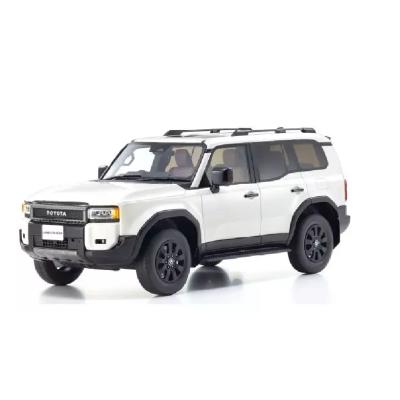 トヨタ ランクル（模型、プラモデル） | ゲーム、おもちゃ のおすすめ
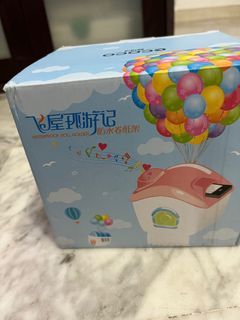 (Category: ) located in . Submitted by bless00 (Listing ID 1215100167, Image 1). Description: .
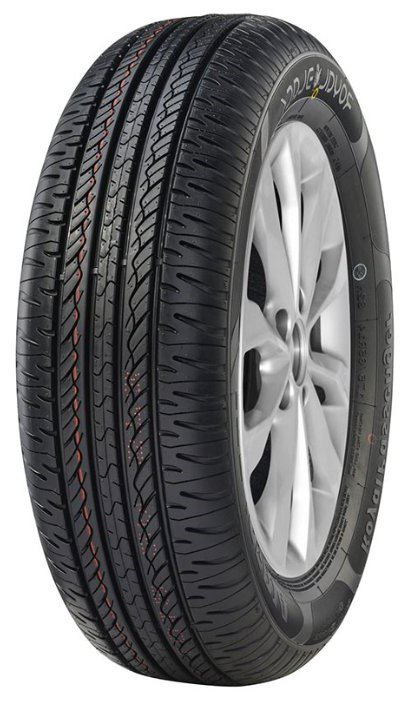 Шина  Royal Black Royal Passenger 185/65 R14 86H летняя купить,16770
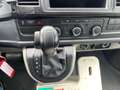 Volkswagen T6 Transporter RTW NOTARZT AUTO/T6/4 MOTION/AUTOMATIK. Blanco - thumbnail 10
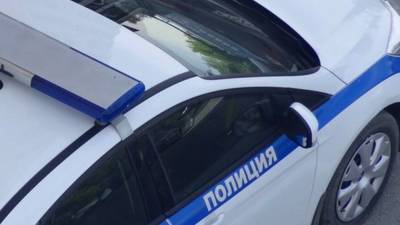 Владелец иномарки насмерть сбил дорожного рабочего в Екатеринбурге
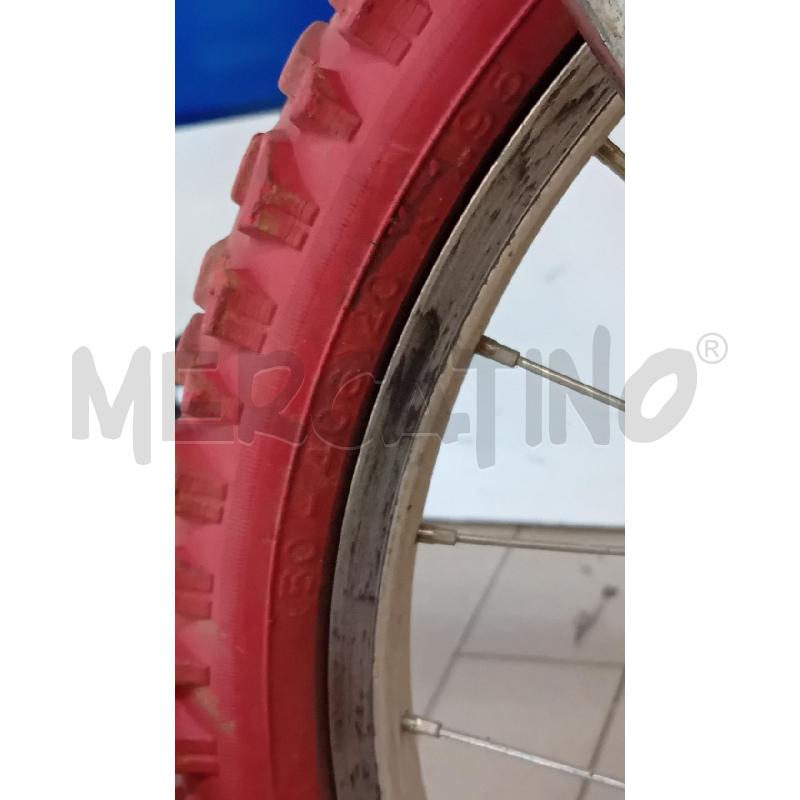 BICICLETTINA BAMBINO GR | Mercatino dell'Usato Alpignano 3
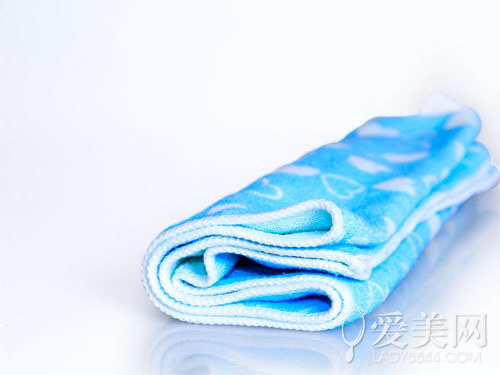 打喷嚏不能用手捂!99%的人都不知道的小常识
------------------------
What you return should match the material line for line, with the images removed.

= Answer box =
 トヨタ ランクル（模型、プラモデル） | ゲーム、おもちゃ のおすすめ
 (Category: ) located in . Submitted by bless00 (Listing ID 1215100167, Image 1). Description: .
 Шина  Royal Black Royal Passenger 185/65 R14 86H летняя купить,16770
 Volkswagen T6 Transporter RTW NOTARZT AUTO/T6/4 MOTION/AUTOMATIK. Blanco - thumbnail 10
 Владелец иномарки насмерть сбил дорожного рабочего в Екатеринбурге
 BICICLETTINA BAMBINO GR | Mercatino dell'Usato Alpignano 3
 打喷嚏不能用手捂!99%的人都不知道的小常识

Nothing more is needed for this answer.